● Task inputs:
+-------+

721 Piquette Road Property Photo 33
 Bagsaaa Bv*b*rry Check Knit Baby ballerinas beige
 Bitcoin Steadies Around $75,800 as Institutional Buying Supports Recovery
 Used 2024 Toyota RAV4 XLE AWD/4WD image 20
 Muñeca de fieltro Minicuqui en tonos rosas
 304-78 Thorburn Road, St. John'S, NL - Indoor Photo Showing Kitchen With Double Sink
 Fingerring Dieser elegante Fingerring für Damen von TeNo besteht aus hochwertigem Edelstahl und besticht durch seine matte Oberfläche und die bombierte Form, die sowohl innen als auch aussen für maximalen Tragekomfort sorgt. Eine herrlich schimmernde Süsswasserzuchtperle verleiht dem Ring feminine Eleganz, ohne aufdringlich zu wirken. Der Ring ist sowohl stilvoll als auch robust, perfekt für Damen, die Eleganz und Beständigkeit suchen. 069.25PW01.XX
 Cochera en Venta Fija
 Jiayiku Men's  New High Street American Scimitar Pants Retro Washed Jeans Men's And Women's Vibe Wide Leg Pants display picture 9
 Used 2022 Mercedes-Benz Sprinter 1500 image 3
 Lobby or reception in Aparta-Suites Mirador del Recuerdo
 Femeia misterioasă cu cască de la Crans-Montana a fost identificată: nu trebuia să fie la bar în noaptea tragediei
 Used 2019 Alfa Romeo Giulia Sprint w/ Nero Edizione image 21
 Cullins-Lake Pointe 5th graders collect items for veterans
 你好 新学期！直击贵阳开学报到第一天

+-------+

● Problem to work on: Give back the lines of the listing from the one with "Used 2019 Alfa" through the end, both included, exactly as written and with nothing added.

● Task output:
 Used 2019 Alfa Romeo Giulia Sprint w/ Nero Edizione image 21
 Cullins-Lake Pointe 5th graders collect items for veterans
 你好 新学期！直击贵阳开学报到第一天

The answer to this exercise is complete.